Por Leandro Melito, compartilhado de Brasil de Fato




As ruas são tomadas na França após projeções confirmarem vitória da coligação de esquerda na eleição legislativa neste domingo (7) – Emmanuel Dunand / AFP

A dez dias da abertura dos Jogos Olímpicos, o presidente da França, Emmanuel Macron, aceitou na terça-feira (16) a renúncia de seu gabinete, que seguirá atuando de forma interina enquanto prosseguem as negociações  partidárias para definir a próxima maioria de governo. O Executivo administrará “os assuntos cotidianos até que um novo governo seja nomeado”, indicou a presidência em um comunicado, após o fracasso da coalizão de Macron em obter uma maioria nas eleições legislativas antecipadas.

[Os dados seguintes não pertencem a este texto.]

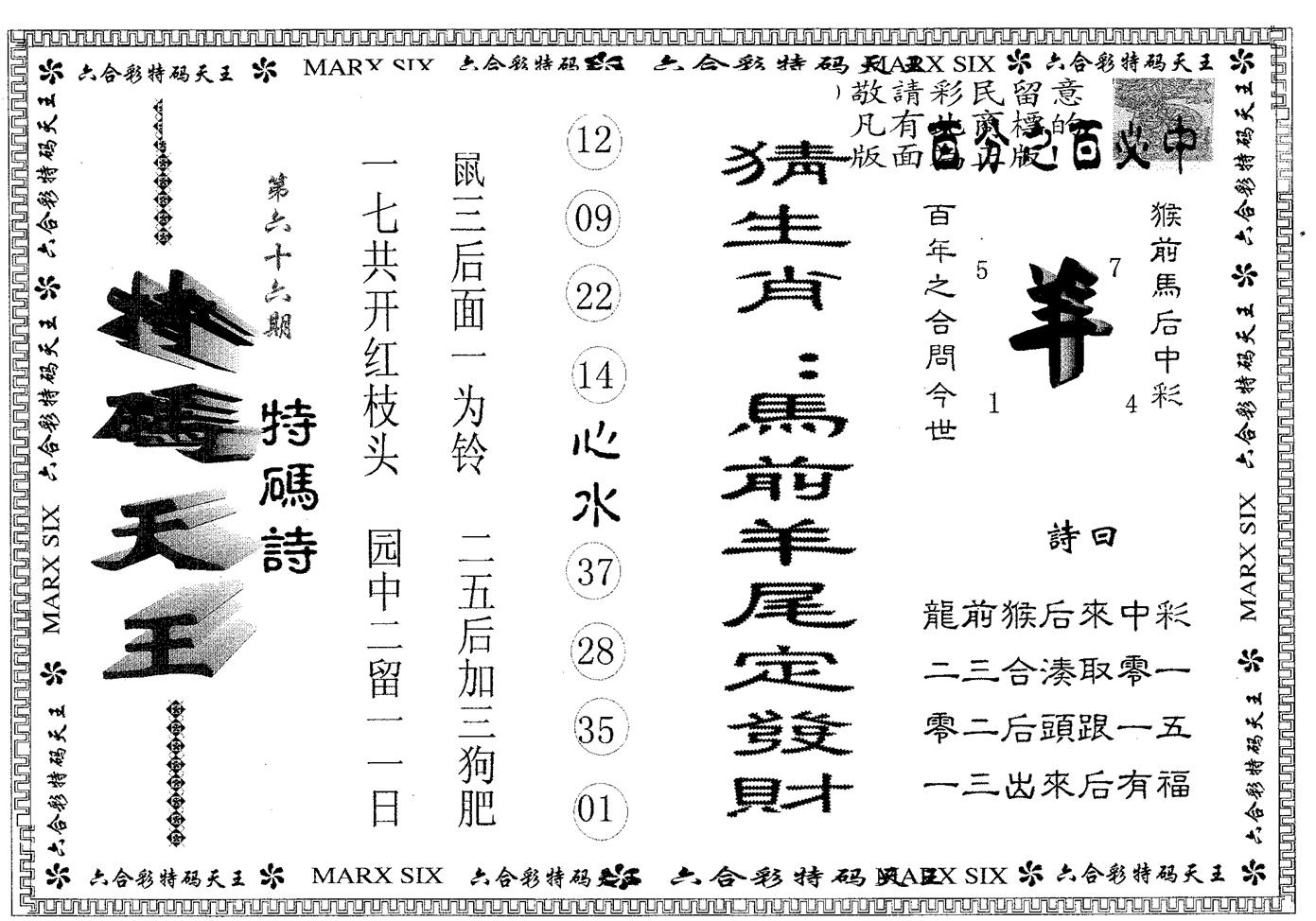 天码天王 第66期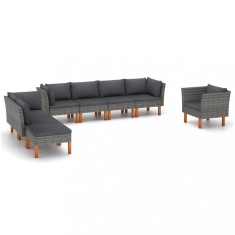 Gossi set mobilier gradina, 8 piese, gri, poliratan si lemn eucalipt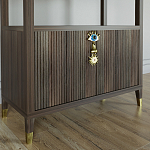 Стеллаж со стеклянными полками Elsa Dreams Walnut варинант исполнения - 1 | Loft Concept в Краснодаре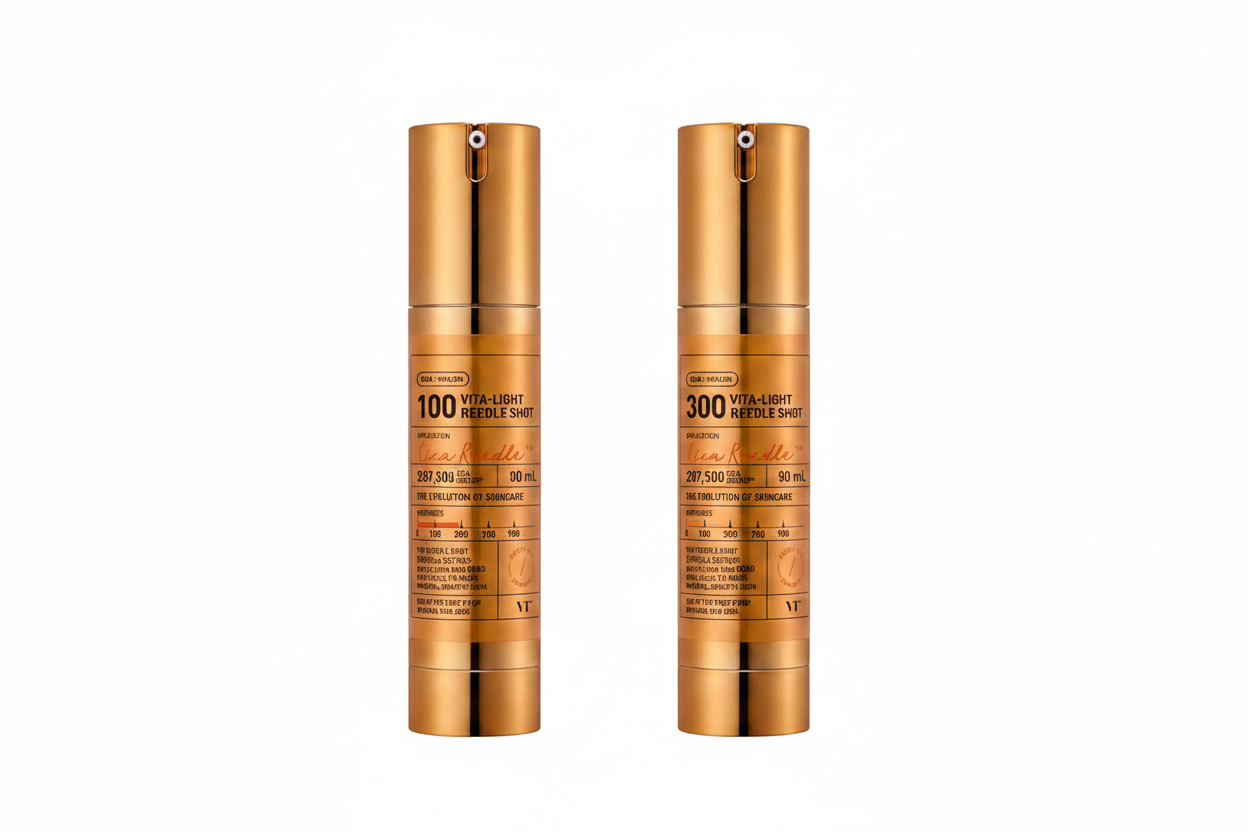 VT Vita-Light Reedle Shot 100 and 300 50ml showcasing the dual-intensity micro-needle brightening essence bottles that fade dark spots in Korean skincare.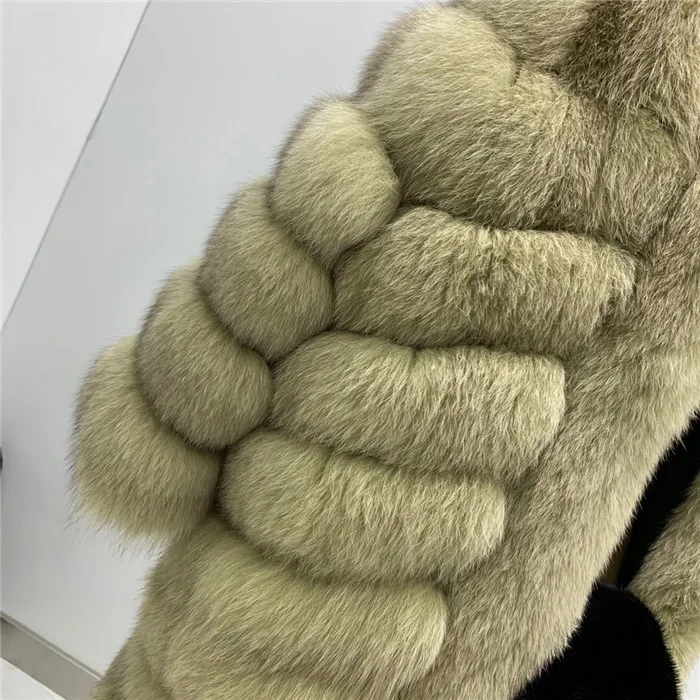Women Real Fur Coat Thick Warm Female Natural Fox Fur Jacket Outerwear Fashion V Neck Winter Real Fox Fur Coat for Women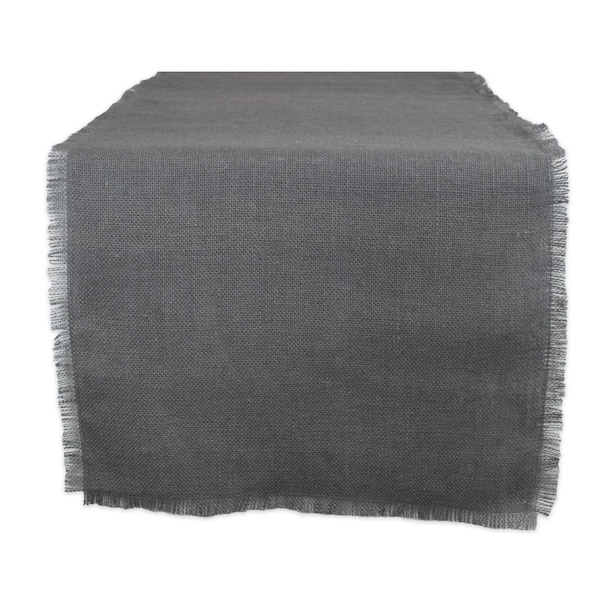 Fastfood 14 x 72 in. Solid Gray Heavyweight Fringed Table Runner FA1543557 - main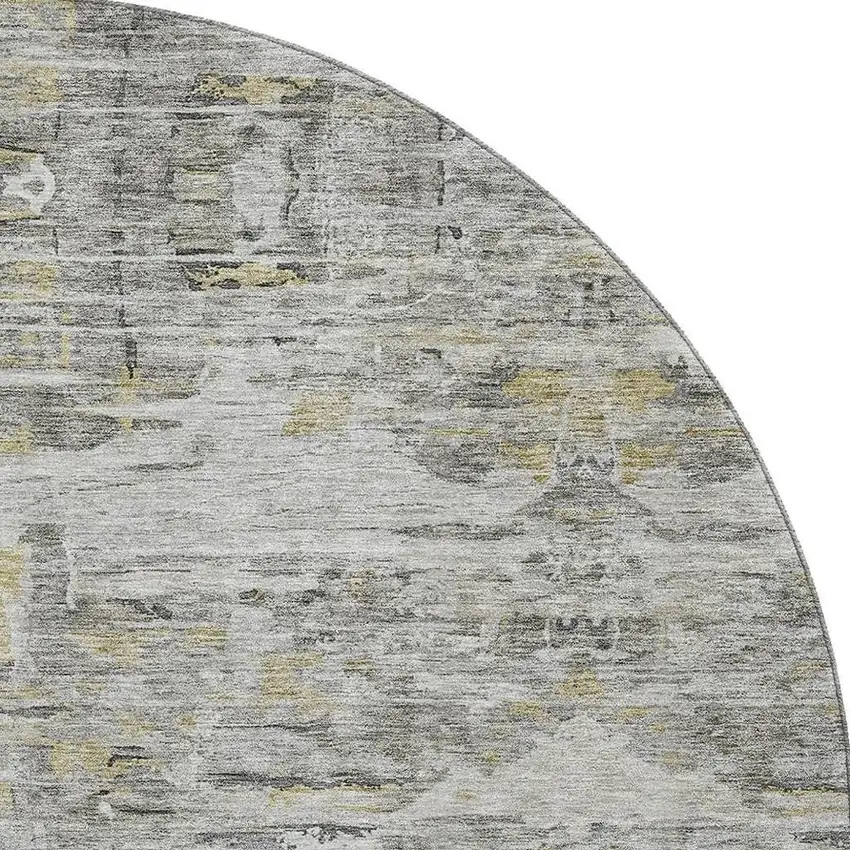 8' Gray Silver And Gold Abstract Washable Round Rug With UV Protection Photo 3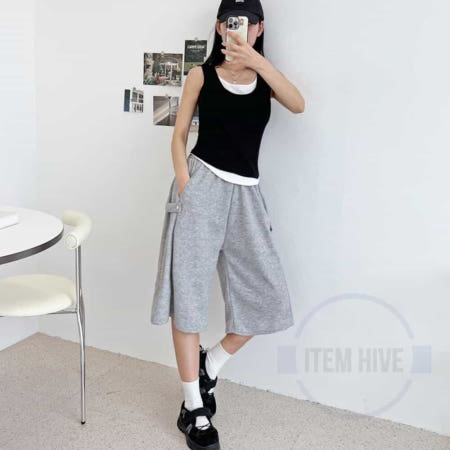 아이템하이브OEM 여성 와이드 트레이닝 반바지 홈웨어반바지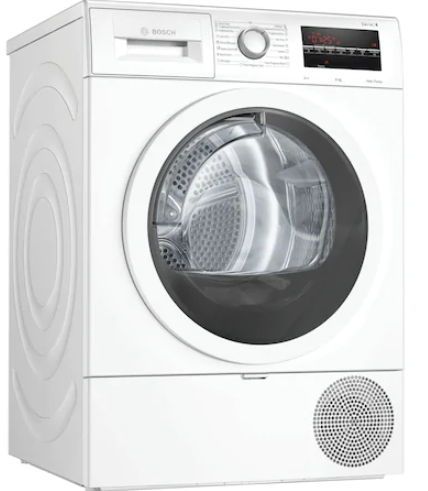Uscator de rufe Bosch WTR85T00BY, Pompa de caldura, 9 kg, 15 programe, Clasa A++, EasyClean filter, Alb, reducere mare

Em um Conselho de Ministros realizado algumas horas antes, Macron havia indicado ao primeiro-ministro, Gabriel Attal, que aceitaria sua renúncia e a de sua equipe. Também deu a entender que a situação pode “durar algum tempo”, inclusive “semanas” e provavelmente até o final dos Jogos Olímpicos de Paris, que começam em 26 de julho e terminam em 11 de agosto, acrescentaram. 

“Após o primeiro turno, o presidente desapareceu porque tudo o que ele havia dito era um fracasso, ele havia fracassado. Então Gabriel Attal veio à tona, o atual primeiro-ministro, que abandonou publicamente o presidente e começou a liderar a campanha do campo presidencial e pediu a renúncia daqueles que estavam em terceiro lugar em seu campo”, disse ao Brasil de Fato a militante francesa Monique Piot Murga.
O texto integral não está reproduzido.